The ISB's performances were more theatrical than those of most of their contemporaries. In addition to the spectacle of their exotic instruments and colourful stage costumes, their concerts sometimes featured poems, surreal sketches and dancers, all in the homegrown, non-showbiz style characte-ristic of the hippy era. In 1970, Robin Williamson (with little input from Heron) attempted to fuse the music with his theatrical fantasies in a quixotic multi-media spectacular at London's Roundhouse called "U", which he envisaged as "a surreal parable in dance and song". It combined the band's music with dancing by the Stone Monkey troupe (which had evolved out of Exploding Galaxy), the letter U representing a transition from a high level of spiritual awareness to a low, then returning to a final peak of awareness and communication. Although ambitious, critical response was mixed, with some harsh reviews from critics who had in some cases acclaimed their earlier work. It fared little better in New York, a planned US tour of "U" having to be cancelled after a few performances at the Fillmore East. Joe Boyd described the show as "a disaster".
After that the
group lasted another four years, although there was a gradual decline in their
status and commerciality after 1970. Joe Boyd, whose skilful handling of the
band had contributed much to their international success, stopped managing them
and returned to the US. The group left Elektra Records and signed for Island,
for whom they recorded five albums. The first was a soundtrack to the "Be
Glad..." film, and this was followed by the eclectic Liquid Acrobat As Regards The Air, regarded as
their best album for some time.
The band continued
to tour and record. Rose Simpson left in
1971, and was replaced by Malcolm LeMaistre, formerly of the Stone Monkey
troupe. Mike Heron took time out to record a well-received solo album, Smiling Men with Bad Reputations, which, in
contrast to the ISB's self-contained productions, featured a host of session
guests, among them Pete Townshend, Ronnie Lane, Keith Moon,
John Cale and Richard Thompson. The following year, Licorice
left, and was replaced by Gerard Dott, an Edinburgh jazz musician and friend of
both Heron and Williamson who had contributed to Smiling Men... Williamson also
recorded a solo album, Myrrh, which
featured some of his most extraordinary vocal performances.
The group's
changing line-up, adding Stan Schnier (aka "Stan Lee") on
bass, Jack Ingram on drums, and Graham Forbes on electric guitar
reflected moves toward a more conventional amplified rock group. Their final
albums for Island were received disappointingly, and the label dropped them in
1974. By then, disagreements between Williamson and Heron about musical policy
had become unbearable, and they split up in October 1974.
Williamson soon
formed Robin Williamson and His Merry Band, which toured and released
three albums of eclectic music with a Celtic emphasis. Within a few years, he
went on to a solo career, moving increasingly into traditional Celtic styles.

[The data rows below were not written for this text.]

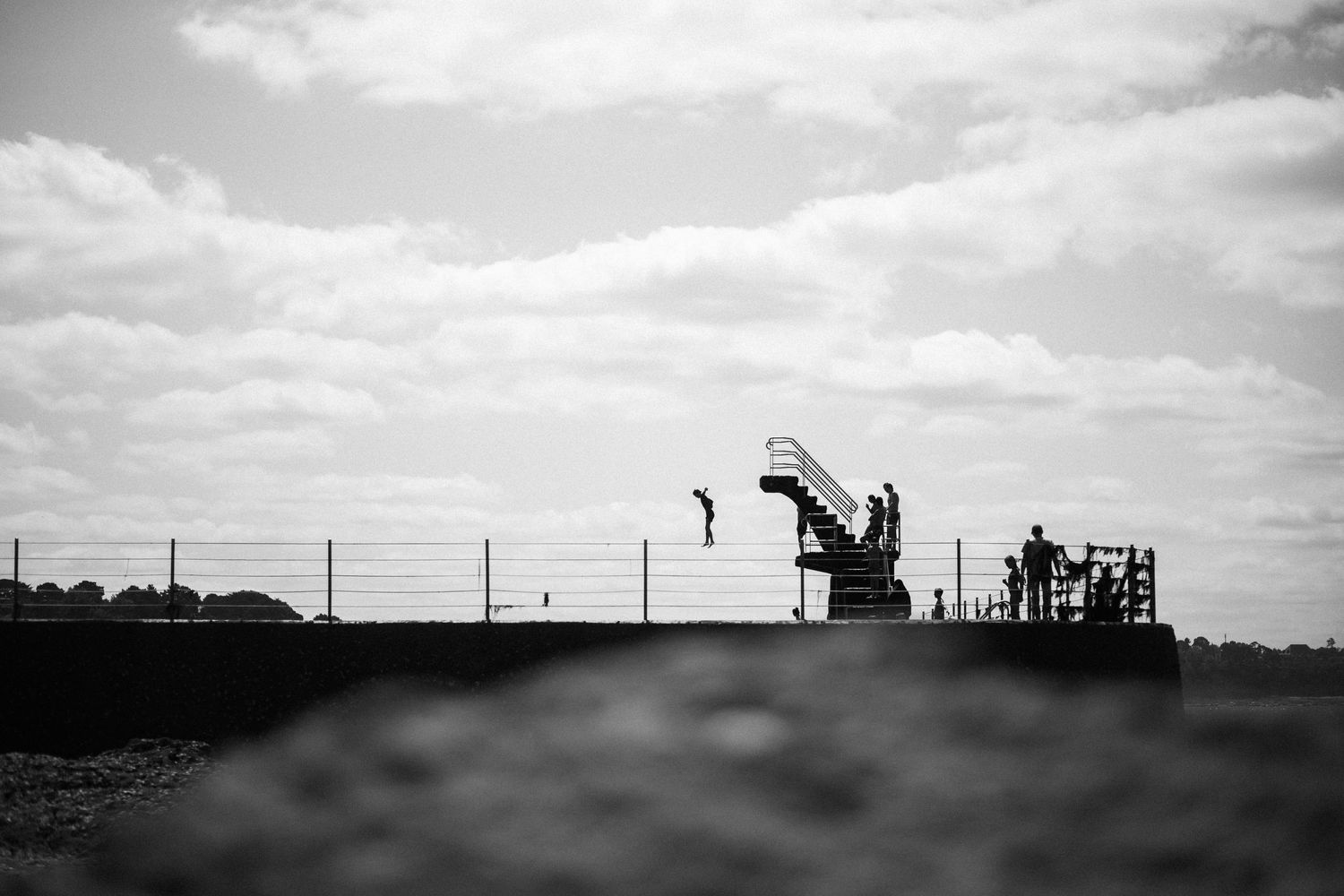 image d'une personne plongeant depuis un plongeoir de saint Malo effet vintage avec du noir et blanc photographie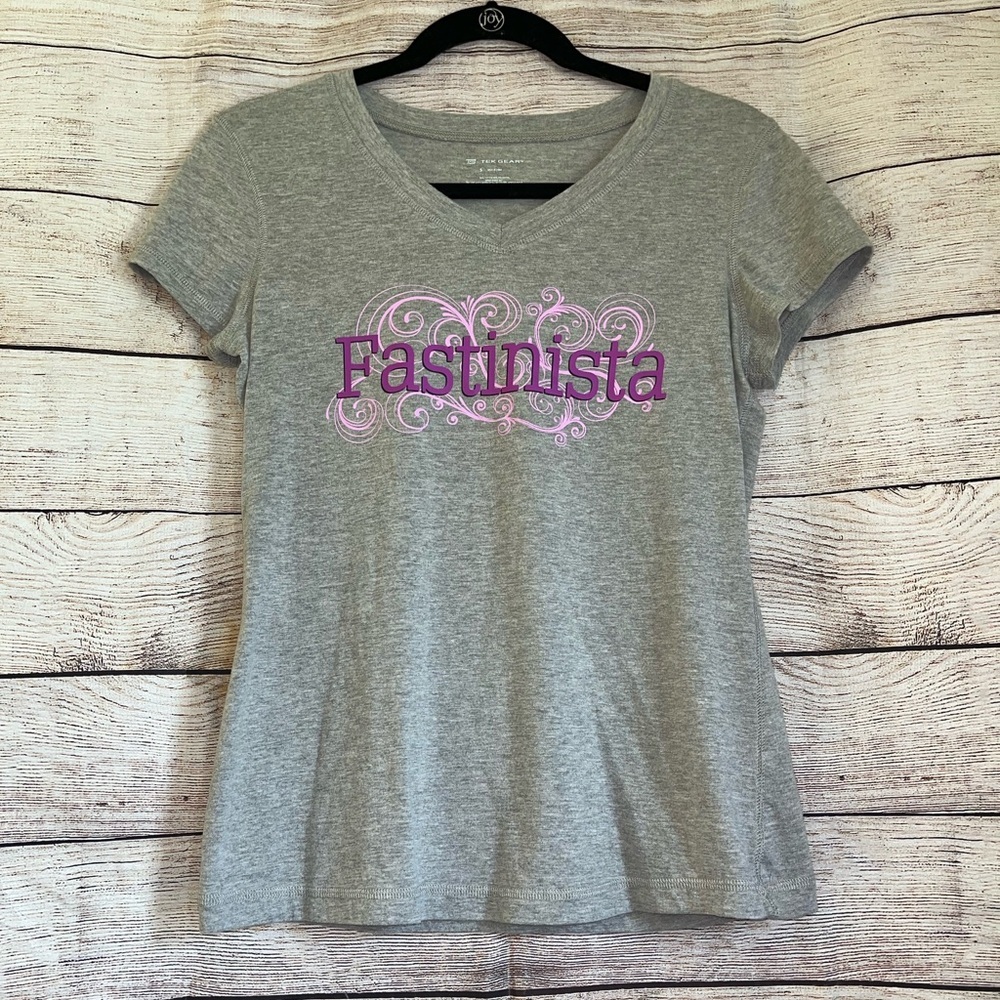 🤎3/$10 tek gear Fastinista Tee Size Small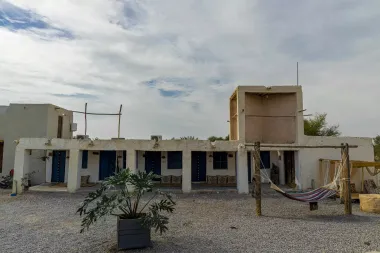 اقامتگاه بومگردی قبیله آزاد قشم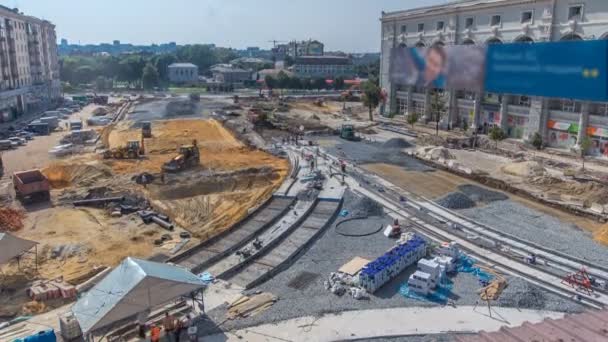 Bulldozer werken aan de bouw van een timelapse weg — Stockvideo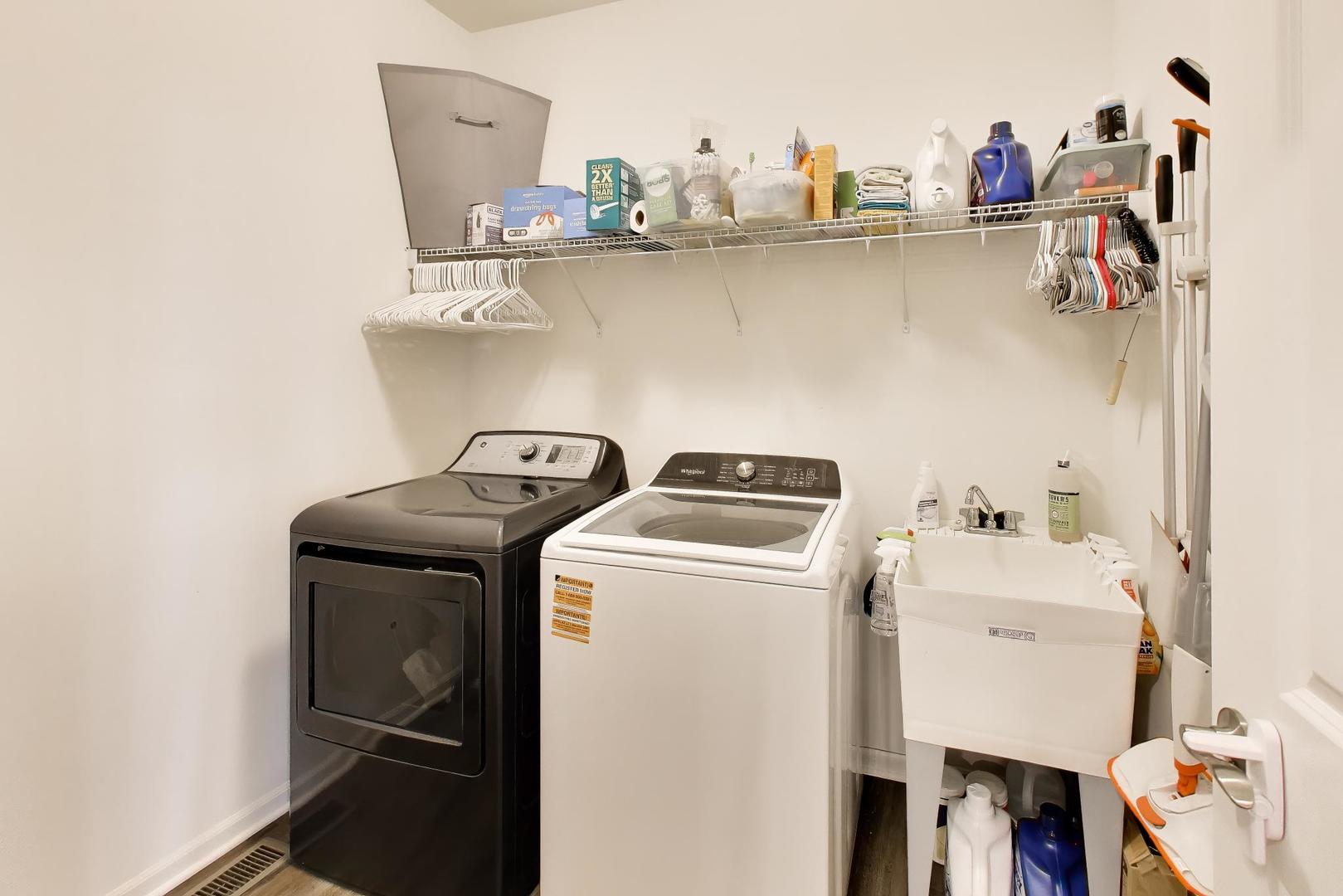 14831 Whitney Street Manhattan, IL 60442 - Photo 26 of 37 a utility room with dryer and washer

He also produced several recordings of humorous stories. Heron formed a rock
group, called first Mike Heron's Reputation, then just Heron, and
later released occasional solo albums.
In 1997, Williamson
and Heron got back together for two concerts, which were warmly received. This
was followed by a full reunion of the original three members plus Williamson's
wife, Bina, and Lawson Dando in 1999. However, they did not recapture the high
reputation of the original ISB, playing mostly small venues to mixed critical
and audience responses. In March 2003 it was announced that Robin and Bina
Williamson had left. Heron, Palmer and Dando, and new member Claire
"Fluff" Smith continued to tour regularly around the United Kingdom
and internationally. Heron, Dando and Palmer toured the US in 2004. Their last
concert together was at the Moseley music festival in September 2006.